Extremely complex determination of CO2 emissions from international suppliers

With immediate effect German companies that import such materials must determine the emissions of their suppliers that supply materials from the above list. But it is not enough to ask and get some figures.

Rather, the reporting obligations are standardized. European companies must provide their suppliers with extensive Excel lists containing many columns and rows in different colors. Suppliers and business partners in different parts of the world must report emissions in these lists in accordance with a 266-page guideline issued by the EU Commission. This, of course, presents companies with significant communication and practical challenges.

The CBAM (Carbon Border Adjustment Mechanism) represents a kind of tariff on carbon dioxide

In the future, products originating from countries with more lax environmental regulations will incur additional costs when imported into the EU. For example, a German company importing steel from a country where CO2 emissions are less strictly regulated will have to pay extra for it. This serves the EU’s goal of reducing emissions both in Europe and globally. However, for companies in the EU, for example in Germany, that import and process steel, this initially means a considerable burden.
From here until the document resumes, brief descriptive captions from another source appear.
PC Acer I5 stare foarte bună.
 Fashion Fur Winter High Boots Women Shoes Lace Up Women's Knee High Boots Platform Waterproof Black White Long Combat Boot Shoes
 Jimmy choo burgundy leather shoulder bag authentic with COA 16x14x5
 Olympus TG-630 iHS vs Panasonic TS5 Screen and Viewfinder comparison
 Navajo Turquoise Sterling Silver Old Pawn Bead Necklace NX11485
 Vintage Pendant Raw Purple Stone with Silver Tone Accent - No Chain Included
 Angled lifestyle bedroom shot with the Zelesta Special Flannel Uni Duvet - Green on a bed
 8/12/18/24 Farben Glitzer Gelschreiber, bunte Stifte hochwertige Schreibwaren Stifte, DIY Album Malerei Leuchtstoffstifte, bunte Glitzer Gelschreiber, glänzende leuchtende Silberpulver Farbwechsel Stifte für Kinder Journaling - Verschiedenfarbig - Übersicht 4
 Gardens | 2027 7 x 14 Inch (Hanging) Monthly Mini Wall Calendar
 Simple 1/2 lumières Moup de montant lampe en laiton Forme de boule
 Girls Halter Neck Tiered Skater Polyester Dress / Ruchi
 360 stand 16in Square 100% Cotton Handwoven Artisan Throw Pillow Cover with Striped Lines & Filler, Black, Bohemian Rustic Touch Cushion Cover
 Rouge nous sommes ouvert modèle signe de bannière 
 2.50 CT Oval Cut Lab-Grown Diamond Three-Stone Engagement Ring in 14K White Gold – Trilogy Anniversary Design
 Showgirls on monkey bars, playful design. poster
Of course, this is precisely the starting point for the intended steering effect. Because the goal is of course – similar to the CO2 price – that German industrial companies invest in green technologies such as hydrogen and, whether in factories on European soil or in other countries, thereby produce under much lower CO2 emissions than was previously possible.

A logical effect would be that imports of non-green produced materials will be cheaper at first, as their producers do not have to refinance the high future investments. Therefore, the efforts of industries that produce green should be protected.

This is what this duty is for. Any supplying company that wants to export to the EU and does not want to pay the new levy under CBAM will have to produce green. That is the whole point.

The EU climate duty is closely linked to European emissions trading. Companies must purchase CO2 allowances for greenhouse gas emissions, for which a certain price is set in the EU. This is intended to encourage companies to do more to protect the climate. One problem with this is that European companies may be tempted to source CO2-intensive products from countries without emissions trading, which would merely shift CO2 emissions. CBAM is designed to prevent this by taxing imports of harmful goods from non-European countries.

While the payments won’t take effect until 2026, European companies are already required to identify and document how much carbon dioxide is caused by the goods they import in other parts of the world. This task is extremely challenging given the rollout timeline.

Once you imagine that presumably many suppliers outside the EU have not heard of CBAM and the associated reporting requirements, but importers can be sanctioned if they violate the rules, it becomes clear that this is a matter of drilling thick boards.

The agency be nice supports its clients in fulfilling reporting obligations of any kind, CSRD, climate accounting or footprints, and now also with the requirements arising from CBAM. Translated with www.DeepL.com/Translator (free version)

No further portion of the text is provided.